4

Allow me to preface that I am not a computer specialist. More than anything, I am curious as to the information.

In a conversation with a computer science specialist, I was told that a string of decimal numerical values, such 73829182093, could be stored on a hard drive occupying only half of the needed bytes by utilizing a hexadecimal system. As said by the specialist, a string of six decimal numbers could be stored as 3-bytes, because each number could be represented by a hex digit, which is only 4-bits in size. Is this correct with regard to storage on a hard drive? Note, I am referencing storage on a hard drive, not the required memory needed to display.
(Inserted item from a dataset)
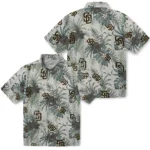 San Diego Padres Hawaiian Shirt – Hibiscus Designs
My previous understanding is that all information was stored in a binary form (0s and 1s) on hard drives, and in blocks of 8-bits, in modern computer hard drives. And that hexadecimal is utilized to facilitate the display of information, so humans aren't required to read through long blocks of bits.

If this is true, does this mean that in a given scenario, a block of 8 bits on a hard drive, under a hexadecimal storage, would instead be encoding for two half-bytes of data, instead of 8 full bits for a character, like the letter "M"? Or on a hard drive, is the half-byte actually represented with the full 8 bits and then just omitted when displayed?

Thank you.

J. J.
  • 39

3 Answers3

5

My previous understanding is that all information was stored in a binary form (0s and 1s) on hard drives, and in blocks of 8-bits, in modern computer hard drives. And that hexadecimal is utilized to facilitate the display of information, so humans aren't required to read through long blocks of bits.
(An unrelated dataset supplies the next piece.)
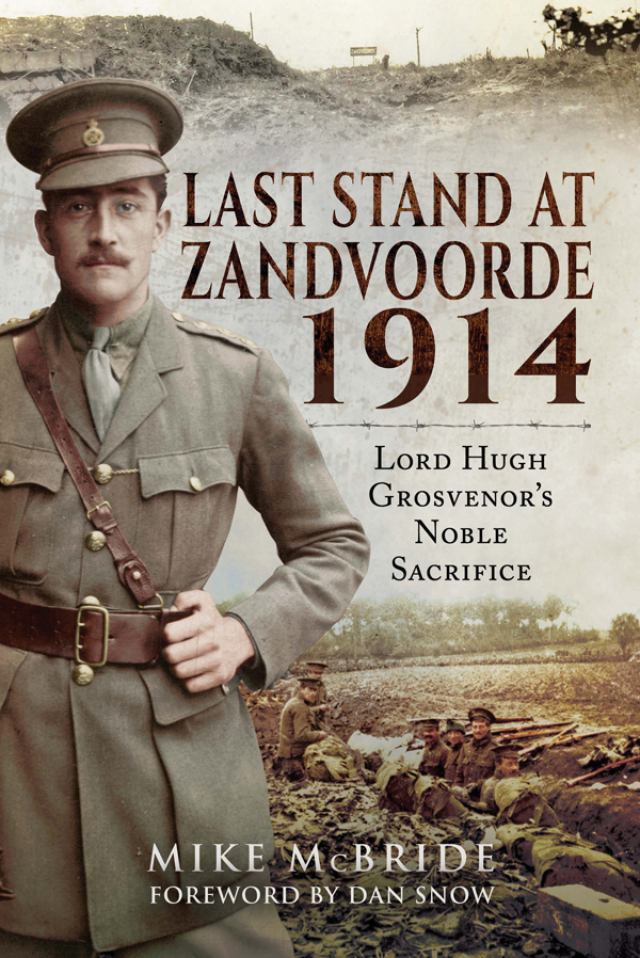 Last Stand at Zandvoorde, 1914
That's 100% correct. Hexadecimal is merely a representation of data; there's nothing special about the nature of hexadecimal compared to other formats. It doesn't enable data compression or anything like that.

I think what your friend was referring to is the difference between representing numbers as character strings versus representing numbers as numbers.

For unsigned integers -- which is a representation of numbers in bits (zeroes and ones) from 0 to a certain, fixed, maximum number -- the maximum number that can be represented by N bits is 2^N, minus 1, assuming you start with 0.

So, if you have 8 bits (a.k.a. 1 byte), you can represent every number from 0 to 255 without losing information; you can manipulate these eight bits between 0 and 1 to unambiguously represent every number from 0 to 255, inclusive. Or from 1 to 256, if you prefer. It doesn't matter. Computers tend to represent them starting from 0, though.

If you have 16 bits (2 bytes), you can represent every number from 0 to 65535 (that's 2^16 - 1). 32 bits, every number from 0 to 4294967295. 64 bits, every number from 0 to a number that's 1.8 with nineteen zeroes.

You might know from algebra that 2^N is an exponential function. That means that, even though 64 bits is only eight times more bits than 8 bits, it can store way, way, way more data in that 8-times-more-bits than the number 255*8 (which is only 2040!). 2040 is a very small number compared to approximately 180000000000000000000. And 64 bits can store EVERY number from 0 all the way up to that maximum.

One interesting implication of integers stored in this way is that the programmer must decide in advance how big the storage needs to be, which in turn, determines the maximum number that can be represented by a given integer. If you try to store a number bigger than the storage can handle, you get something called overflow. This happens, for example, if you have an 8-bit integer, that's set to 255, and you ask the computer to add 1 to it. Well, you can't represent 256 within an integer whose range is 0 to 255! What usually happens is it "wraps around" back to the start, and goes back to 0.

There are programs that perform math in a mode called "arbitrary-precision" that automatically resize their storage to grow bigger and bigger depending on how big the numbers being handled are; for example, if you multiplied 255 by 100000, the answer would have to grow beyond 8 bits, and beyond 16 bits, but would fit within a 32-bit integer. If you input a number or performed a math operation that produced a number larger than the maximum for a 64-bit integer, it would have to allocate even more space for it.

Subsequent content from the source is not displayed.